Y aunque el asesinado de un joven colectivero hubiera sido pasto sabroso para muchos canales de televisión y programas que se alimentan en las praderas del morbo y la sangre ajena, dio la casualidad que Leonardo Paz, chofer de la línea 56 en Capital Federal, falleció el mismo día que el diseñador de alta costura, Jorge Ibáñez.

La experiencia nos dice eso, que hay decesos que resultan más vendibles que otros. El asesinato de Kevin Molina, de 9 años, en la Villa 21, prácticamente no tuvo difusión, pero del de Ángeles Rawson seguimos aun hoy hablando. El asesinato por encargo del joven campesino del MOCASE, Cristian Ferreyra, por defender su tierra de empresarios sin escrúpulos pero con balas y dinero, no pudo perforar la noticia del macabro hallazgo del cuerpo de Tomás, un nene que se buscaba desde hacía unos días y que había sido ultimado por su padrastro y arrojado a un descampado, allá a finales del 2011, quizá lo recuerden.

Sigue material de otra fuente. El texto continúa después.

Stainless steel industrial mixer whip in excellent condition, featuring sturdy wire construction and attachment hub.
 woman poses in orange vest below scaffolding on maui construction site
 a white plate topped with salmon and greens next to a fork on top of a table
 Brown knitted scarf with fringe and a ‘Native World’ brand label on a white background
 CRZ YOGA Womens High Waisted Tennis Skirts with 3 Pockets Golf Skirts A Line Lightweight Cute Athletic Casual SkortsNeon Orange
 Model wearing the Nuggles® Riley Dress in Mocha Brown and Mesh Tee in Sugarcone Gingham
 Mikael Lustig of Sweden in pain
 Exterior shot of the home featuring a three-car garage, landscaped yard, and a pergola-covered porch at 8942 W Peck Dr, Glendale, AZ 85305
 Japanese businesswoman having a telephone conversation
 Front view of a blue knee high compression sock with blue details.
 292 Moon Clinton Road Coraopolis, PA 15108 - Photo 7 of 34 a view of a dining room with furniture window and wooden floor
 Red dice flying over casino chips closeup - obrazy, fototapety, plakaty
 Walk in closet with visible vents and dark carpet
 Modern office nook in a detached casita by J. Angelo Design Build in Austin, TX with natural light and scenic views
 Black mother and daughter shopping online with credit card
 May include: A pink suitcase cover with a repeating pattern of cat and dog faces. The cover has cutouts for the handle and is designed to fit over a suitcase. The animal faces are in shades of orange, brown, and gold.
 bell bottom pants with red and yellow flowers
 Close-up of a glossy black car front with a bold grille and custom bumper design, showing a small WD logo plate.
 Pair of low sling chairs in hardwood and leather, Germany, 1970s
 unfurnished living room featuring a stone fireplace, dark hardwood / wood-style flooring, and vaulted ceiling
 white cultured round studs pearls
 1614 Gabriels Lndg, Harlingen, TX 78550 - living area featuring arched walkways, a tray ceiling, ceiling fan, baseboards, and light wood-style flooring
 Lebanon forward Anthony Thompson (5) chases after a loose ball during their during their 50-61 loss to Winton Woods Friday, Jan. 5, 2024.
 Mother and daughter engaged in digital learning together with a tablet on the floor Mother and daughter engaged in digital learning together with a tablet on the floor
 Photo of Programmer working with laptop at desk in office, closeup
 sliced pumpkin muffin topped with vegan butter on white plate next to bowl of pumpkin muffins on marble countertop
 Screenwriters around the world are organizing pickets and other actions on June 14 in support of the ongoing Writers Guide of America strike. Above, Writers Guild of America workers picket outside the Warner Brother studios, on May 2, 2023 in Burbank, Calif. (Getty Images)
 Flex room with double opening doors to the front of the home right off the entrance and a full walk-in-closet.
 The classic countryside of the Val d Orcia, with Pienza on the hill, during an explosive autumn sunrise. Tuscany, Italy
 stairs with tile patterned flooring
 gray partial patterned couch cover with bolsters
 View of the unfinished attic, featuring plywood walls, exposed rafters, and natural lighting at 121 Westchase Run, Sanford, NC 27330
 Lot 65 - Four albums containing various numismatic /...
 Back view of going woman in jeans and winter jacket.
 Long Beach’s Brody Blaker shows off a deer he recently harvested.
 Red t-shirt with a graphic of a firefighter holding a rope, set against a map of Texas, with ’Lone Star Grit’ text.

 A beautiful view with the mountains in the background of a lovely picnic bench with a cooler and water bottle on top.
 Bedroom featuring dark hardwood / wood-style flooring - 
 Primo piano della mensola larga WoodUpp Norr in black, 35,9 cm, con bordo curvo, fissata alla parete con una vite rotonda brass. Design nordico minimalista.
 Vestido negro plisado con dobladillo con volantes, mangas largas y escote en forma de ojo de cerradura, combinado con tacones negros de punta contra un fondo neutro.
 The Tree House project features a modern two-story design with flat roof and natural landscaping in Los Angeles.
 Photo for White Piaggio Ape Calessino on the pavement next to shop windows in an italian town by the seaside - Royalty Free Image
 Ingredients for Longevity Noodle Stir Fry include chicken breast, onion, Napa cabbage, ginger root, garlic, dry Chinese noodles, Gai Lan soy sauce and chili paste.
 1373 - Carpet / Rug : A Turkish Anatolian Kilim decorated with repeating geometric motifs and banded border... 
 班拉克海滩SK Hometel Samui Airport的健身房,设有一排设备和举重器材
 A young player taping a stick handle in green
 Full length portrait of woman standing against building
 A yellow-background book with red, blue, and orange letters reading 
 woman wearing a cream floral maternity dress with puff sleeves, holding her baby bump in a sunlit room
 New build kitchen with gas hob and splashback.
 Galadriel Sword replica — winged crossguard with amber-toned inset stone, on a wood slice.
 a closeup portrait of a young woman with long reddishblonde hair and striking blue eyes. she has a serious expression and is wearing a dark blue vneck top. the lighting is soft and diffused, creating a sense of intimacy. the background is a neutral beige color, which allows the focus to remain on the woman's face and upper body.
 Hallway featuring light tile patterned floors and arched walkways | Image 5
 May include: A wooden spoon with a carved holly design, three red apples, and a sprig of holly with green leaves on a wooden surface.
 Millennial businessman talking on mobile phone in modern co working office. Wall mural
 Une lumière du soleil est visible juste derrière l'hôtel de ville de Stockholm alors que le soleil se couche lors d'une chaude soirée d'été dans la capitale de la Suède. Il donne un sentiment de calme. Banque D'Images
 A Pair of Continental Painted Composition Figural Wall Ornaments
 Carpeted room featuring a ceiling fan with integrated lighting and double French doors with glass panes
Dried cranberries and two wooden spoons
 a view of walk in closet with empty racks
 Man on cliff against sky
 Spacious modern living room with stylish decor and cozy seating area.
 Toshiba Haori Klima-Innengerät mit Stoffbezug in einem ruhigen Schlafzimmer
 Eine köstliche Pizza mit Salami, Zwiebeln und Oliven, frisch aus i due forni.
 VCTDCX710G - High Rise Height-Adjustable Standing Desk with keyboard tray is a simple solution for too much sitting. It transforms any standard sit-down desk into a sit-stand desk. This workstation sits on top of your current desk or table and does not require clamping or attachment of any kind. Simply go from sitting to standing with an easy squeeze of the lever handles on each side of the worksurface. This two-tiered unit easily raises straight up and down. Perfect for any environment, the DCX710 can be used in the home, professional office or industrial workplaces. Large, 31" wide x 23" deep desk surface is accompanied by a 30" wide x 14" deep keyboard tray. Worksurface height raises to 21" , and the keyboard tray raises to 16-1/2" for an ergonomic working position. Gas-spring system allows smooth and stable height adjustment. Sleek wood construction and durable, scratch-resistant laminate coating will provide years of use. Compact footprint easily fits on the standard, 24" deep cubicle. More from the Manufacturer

Leonardo, de 22 años, en su cuarto día de trabajo, junto a un colega de experiencia que lo estaba instruyendo, mientras de seguro intentaba aprenderse los recorridos del 56 -que imagino tortuosos-, encontró la muerte de manera violenta en un asalto que se produjo alrededor de las 4.30 de la madrugada, en la localidad de Villa Madero, partido de La Matanza, cuando dos muchachos subieron al colectivo “y empezaron a asaltar a los pasajeros despojándolos de sus elementos personales”, según informó el jefe de la Superintendencia Zona Oeste de la Policía Bonaerense, comisario mayor Sergio Bianchi. Según relató el comisario a la Agencia Télam, “En esas circunstancias, un agente de la Policía Federal, uniformado, desde el fondo dio la voz de alto y los delincuentes dejaron en el piso los elementos que estaban robando y huyeron”. No sin antes, desde abajo del vehículo, disparar sus armas contra el colectivo: “Uno de los proyectiles impactó en el chofer y otro en la ventanilla”. Su compañero manejó hasta un hospital, donde Leonardo falleció mientras era atendido. Este homicidio desencadenó un paro de colectivos que puso en jaque el tránsito porteño y complicó a todos a la hora de volver a casa.

¿Cuánta gente buscó información de este homicidio dejando de ver las horas y horas de homenajes y recuerdos que, todavía, le dedican al diseñador que vistiera a Mirtha Legrand? No lo sé, los intereses de cada son eso, justamente, de cada uno: privados, subjetivos. Pero en la televisión argentina nada dura tantos minutos si no se está viendo a mansalva.

Aunque entendamos el mecanismo de los medios y el porqué de sus programaciones, no está mal, creo, detenernos a meditar un poco en estas instancias, no sólo con el lamentable caso de Leonardo, sino con todas aquellas muertes que son opacadas por otras. El medidor de importancia tendrá indicadores que podemos o no compartir, pero si un paro de colectivos no hubiera perjudicado a la sociedad porteña, el escándalo no hubiera sido tal, y Jorge Ibáñez habría acaparado aun más las pantallas y las tapas de los diarios con su partida, también temprana.